Tuesday, March 23, 2021

Why do some change initiatives fail while others succeed? How can organizations and employees handle change better? In The Hard and Soft Sides of Change Management: Tools for Managing Process and People, Kathryn Zukof offers practices and approaches to help you and your organization roll out, receive, and manage change effectively.

Why did you write this book?

Throughout the course of my career, I’ve seen change initiatives cause unnecessary pain for organizations and their employees. Promising projects that could have led to good outcomes for the organization failed to deliver the necessary results. Instead, employees emerged from change initiatives having lost trust in their organization’s leaders, with some employees maybe even feeling like they’d been betrayed. They questioned whether they could or should continue to work for the organization they used to love and feel committed to. At a minimum, they didn’t want to move full throttle ahead and support future change initiatives.

We hear this all the time—that most change efforts fail. While I have witnessed failures, I’ve also seen many change initiatives succeed. In these success stories, organizations achieved the desired outcome and employees felt excited—even proud—to be part of the efforts. The successful change initiatives were managed in a different way than the counterparts, and some simple practices distinguished the two. Drawing from success stories, I wanted to share what works so others can apply these practices and approaches. I also wanted to share what doesn’t work to help people avoid missteps.

Change at work may be disruptive, but it doesn’t always have to fail or be painful for the people affected by it.
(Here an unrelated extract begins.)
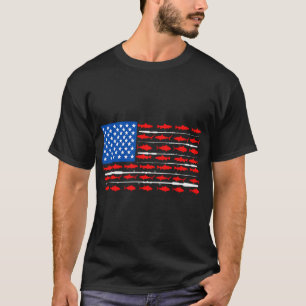 Fishing Camouflage Bass Fish American Flag Camo T-Shirt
With this book, I want to help people get to success through change.

With many different change management models to choose from, is there one that you ascribe to?

There are a lot of great change management models out there—ATD’s change model, Kotter’s 8-Step Process, William Bridges’ transition model, Prosci’s ADKAR model, and others. While there’s wisdom from each of these that I’ve woven through The Hard and Soft Sides of Change Management, I don’t advocate for the adoption of a particular guiding model. This book is a practitioner’s guide that offers tools and ideas to try regardless of the model you or your organization adopts.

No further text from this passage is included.